4. Reservation of the decision to meet the Westmoreland request in full. While we would be putting ourselves in a position to make these additional deployments, the future decision to do so would be contingent upon:
a. Reexamination on a week-by-week basis of the desirability of further deployments as the situation develops;
b. Improved political performance by the GVN and increased contribution in effective military action by the ARVN;
c. The results of a study in depth, to be initiated immediately, of possible new political and strategic guidance for the conduct of US operations in South Vietnam, and of our Vietnamese policy in the context of our world-wide politico-military strategy. Supporting discussion is in Tab D./5/
/5/As expressed in Tab D, the view of the Clifford group was that "there can be no assurance that this very substantial additional deployment would leave us a year from today in any more favorable military position." Since the war posed a danger to U.S. interests and commitments worldwide, and since the enemy's recent tactics had proven that "there can be no prospect of a quick military solution," a major interagency study on strategic guidance involving Westmoreland and Bunker had to be undertaken in the near future. Nitze wrote two memoranda on strategic guidance, both dated March 3, which dealt separately with short-term recovery and longer-range strategy. (Library of Congress, Manuscript Division, Nitze Papers, Vietnam War-Miscellaneous Materials, 1968)

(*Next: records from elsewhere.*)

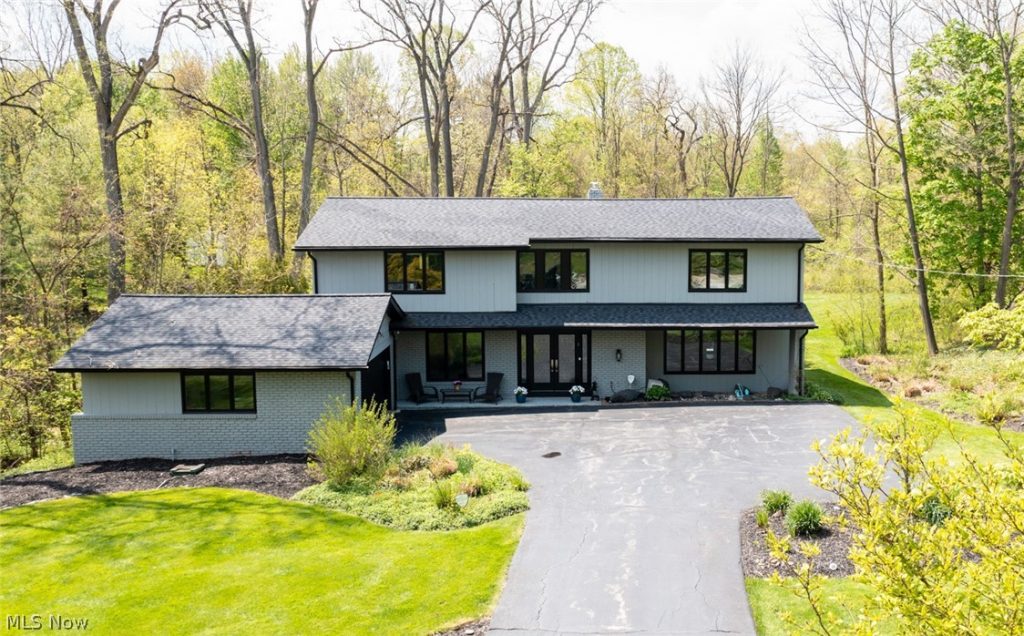 28750 Woodland Road, Pepper Pike, OH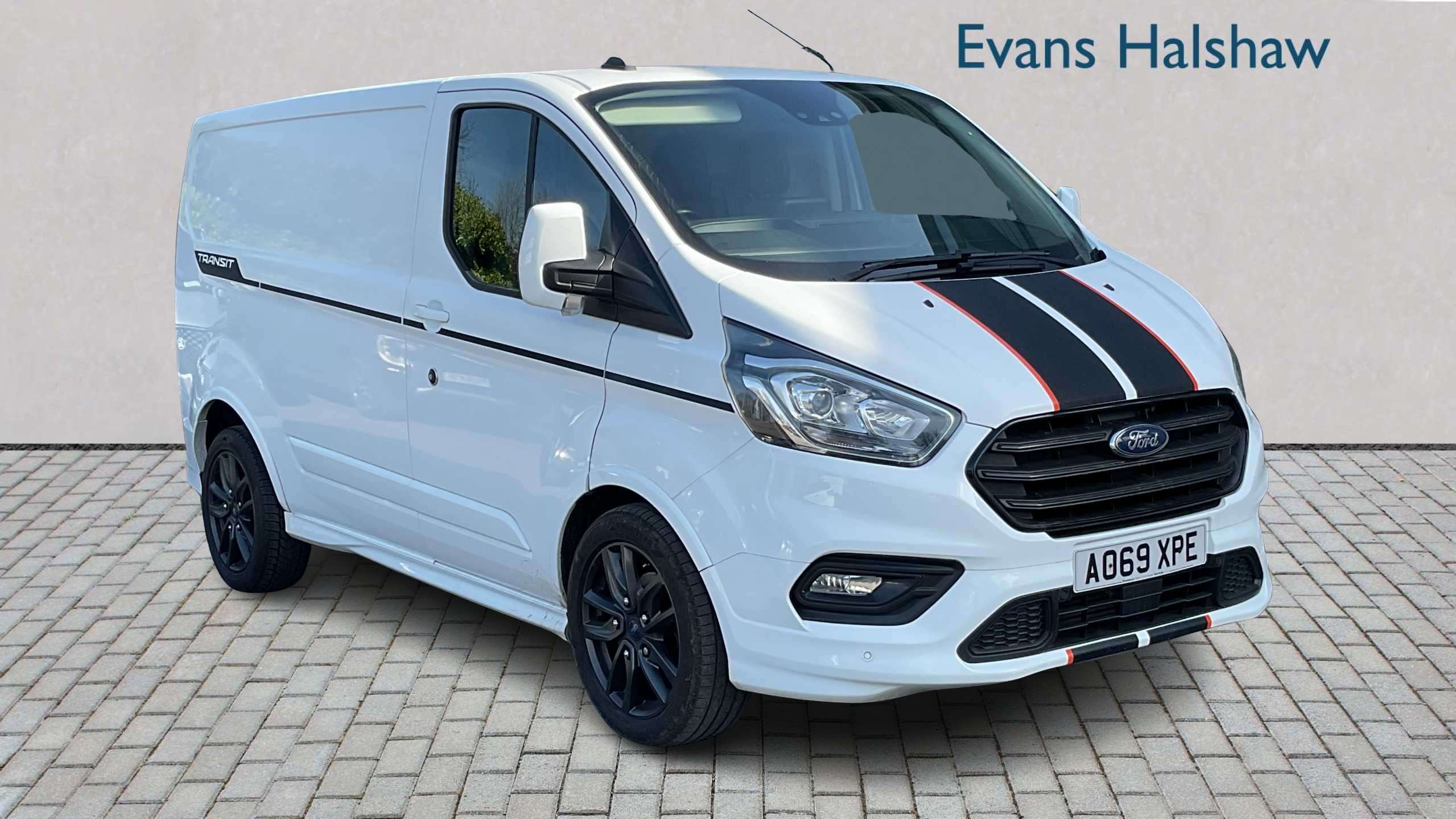 Main listing image - Ford Transit Custom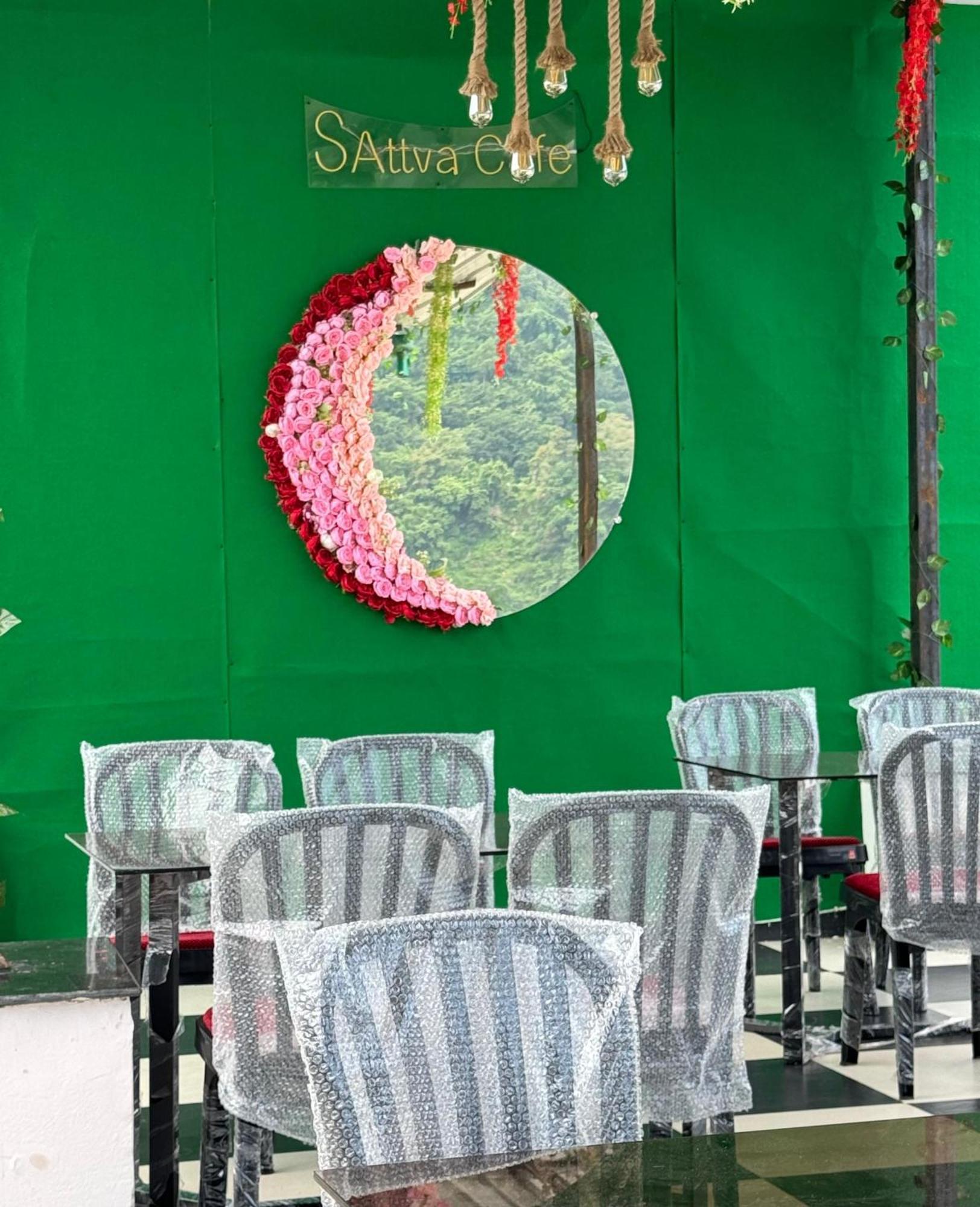 Sattva Cafe And Motel Рішикеш Екстер'єр фото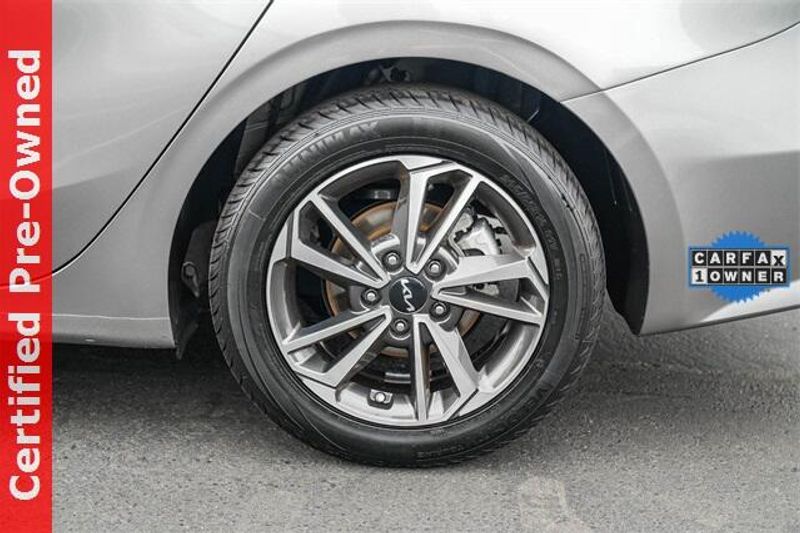 Used 2023 Kia Forte LXSImage 12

5. No new peace initiative on Vietnam. Re-statement of our terms for peace and certain limited diplomatic actions to dramatize Laos and to focus attention on the total threat to Southeast Asia. Details in Tab E./6/
/6/Tab E contained the text of a February 29 memorandum prepared by Bundy which listed three negotiating alternatives: "stand pat on the San Antonio formula," undertake a new initiative modifying the San Antonio formula (which the paper concluded would be "unwise" since the San Antonio formula was "rock bottom"), or "pitching" for negotiations following a countering of the enemy offensive.
6. A general decision on bombing policy, not excluding future change, but adequate to form a basis for discussion with the Congress on this key aspect. Here your advisers are divided:
a. General Wheeler and others would advocate a substantial extension of targets and authority in and near Hanoi and Haiphong, mining of Haiphong, and naval gunfire up to a Chinese Buffer Zone;
b. Others would advocate a seasonal step-up through the spring, but without these added elements.
The opposing arguments are in Tab F./7/
/7/The paper at Tab F detailed further discussion of how to intensify the bombing of North Vietnam.
In proposing this course of action, we recognize that there are certain difficulties and negative factors, outlined in Tab G. Additional problems we can anticipate in US public opinion are at Tab H./8/ Nevertheless, we believe that this course of action, in its essential outline at least, is urgently required to meet the immediate situation in Vietnam as well as wider possible contingencies there and elsewhere.
/8/The papers at Tabs G and H emphasized the domestic difficulties faced by the President in increasing the troop commitment to Vietnam and in calling up the reserves.